• Data provided
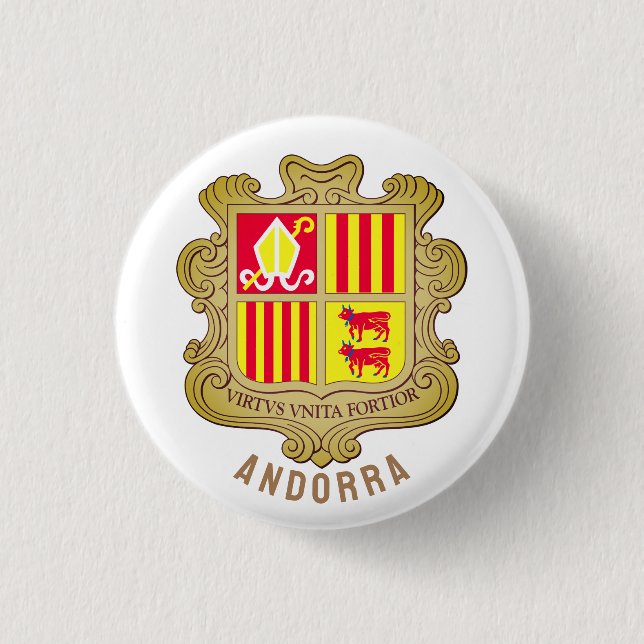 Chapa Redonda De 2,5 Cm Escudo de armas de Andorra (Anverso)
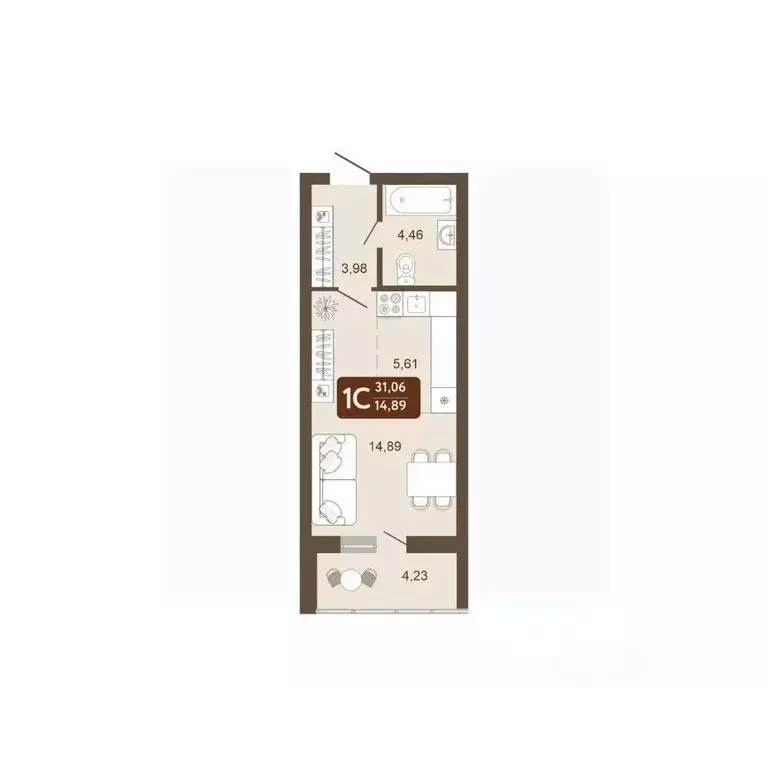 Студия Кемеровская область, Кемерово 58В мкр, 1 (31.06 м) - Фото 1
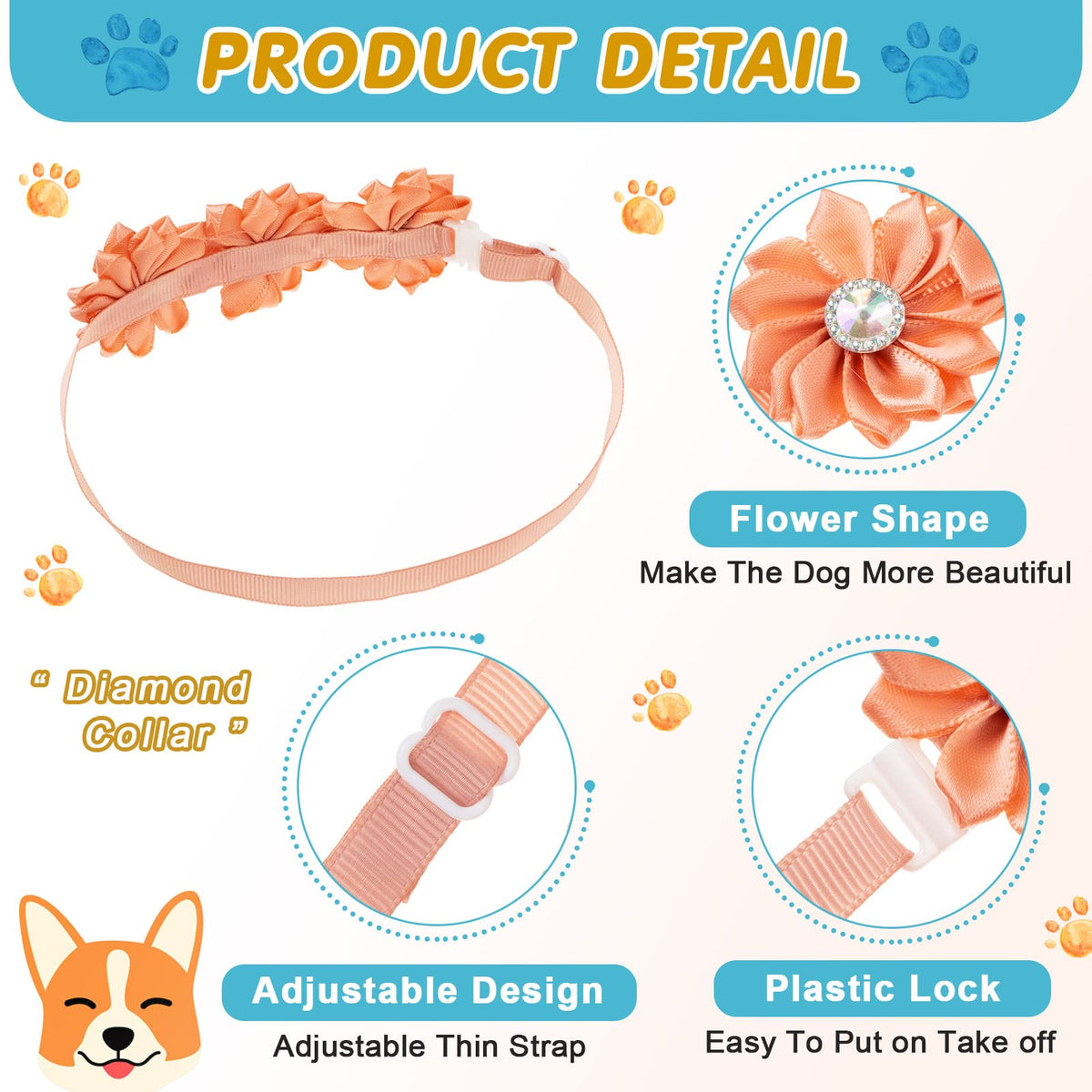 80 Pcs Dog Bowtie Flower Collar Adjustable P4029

• Problem details
Drop the pictures and reproduce the rest of the data exactly.

• Result below
 Chapa Redonda De 2,5 Cm Escudo de armas de Andorra (Anverso)
 Студия Кемеровская область, Кемерово 58В мкр, 1 (31.06 м) - Фото 1
 80 Pcs Dog Bowtie Flower Collar Adjustable P4029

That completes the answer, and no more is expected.